Phenotypic plasticity and growth temperature: understanding interspecific variability

• Published in: Journal of experimental botany Vol. 57; no. 2; pp. 267 - 281
• Main Authors: Atkin, O. K, Loveys, B. R, Atkinson, L. J, Pons, T. L
• Format: Journal Article Conference Proceeding
• Language: English
• Published: Oxford Oxford University Press 01.01.2006; Oxford Publishing Limited (England)

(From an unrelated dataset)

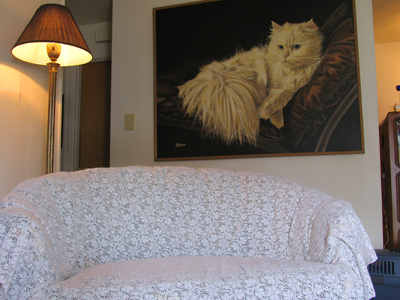 Looks like an enormous white cat must live here.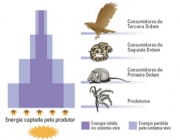 Nível Trófico na Ecologia 1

• Subjects: Acclimation; Acclimatization; Agronomy. Soil science and plant productions; ambient temperature; anatomy & histology; Arabidopsis; Arabidopsis - anatomy & histology; Arabidopsis - growth & development; Arabidopsis - physiology; Biological and medical sciences; Biomass; biomass allocation; cell respiration; dry matter accumulation; dry matter partitioning; Economic plant physiology; Fundamental and applied biological sciences. Psychology; Genetic Variation; growth & development; growth analysis; Growth and development; Habitats; Leaf area; Leaves; literature reviews; Low temperature; Morphogenesis, differentiation, rhizogenesis, tuberization. Senescence; net assimilation rate; phenology; Phenotype; phenotypic variation; Photosynthesis; Photosynthesis - physiology; Phylogeny; physiology; plant adaptation; plant architecture; Plant Development; Plant growth; Plant Physiological Phenomena; Plant roots; Plants; Plasticity; Plasticity in Whole Plants; Respiration; Species Specificity; specific leaf area; Temperature; Temperature; Root; Growth; plasticity; Plant leaf; Review; Biomass; Phylogeny; Metabolism; Leaf area; Acclimation; growth analysis; Net assimilation rate; specific leaf area; Habitat; Photosynthesis; Respiration; biomass allocation
• ISSN: 0022-0957; 1460-2431
• DOI: 10.1093/jxb/erj029

The subject of this review is the impact of long-term changes in temperature on plant growth and its underlying components. The discussion highlights the extent to which thermal acclimation of metabolism is intrinsically linked to the plasticity of a range of biochemical and morphological traits. The fact that there is often a trade-off between temperature-mediated changes in net assimilation rates (NAR) and biomass allocation [in particular the specific leaf area (SLA)] when plants are grown at different temperatures is also highlighted. Also discussed is the role of temperature-mediated changes in photosynthesis and respiration in determining NAR values. It is shown that in comparisons that do not take phylogeny into account, fast-growing species exhibit greater temperature-dependent changes in RGR, SLA, and NAR than slow-growing plants. For RGR and NAR, such trends are maintained within phylogenetically independent contrasts (i.e. species adapted to more-favourable habitats consistently exhibit greater temperature-mediated changes than their congeneric counterparts adapted to less-favourable habitats). By contrast, SLA was not consistently more thermally plastic in species from favourable habitats. Interestingly, biomass allocation between leaves and roots was consistently more plastic in slow-growing species within individual phylogenetically independent contrasts, when plants were grown under contrasting temperatures. Finally, how interspecific variations in NAR account for an increasing proportion of variability in RGR as growth temperatures decrease is highlighted. Conversely, SLA played a more dominant role in determining interspecific variability in RGR at higher growth temperatures; thus, the importance of SLA in determining interspecific variation in RGR could potentially increase if annual mean temperatures increase in the future.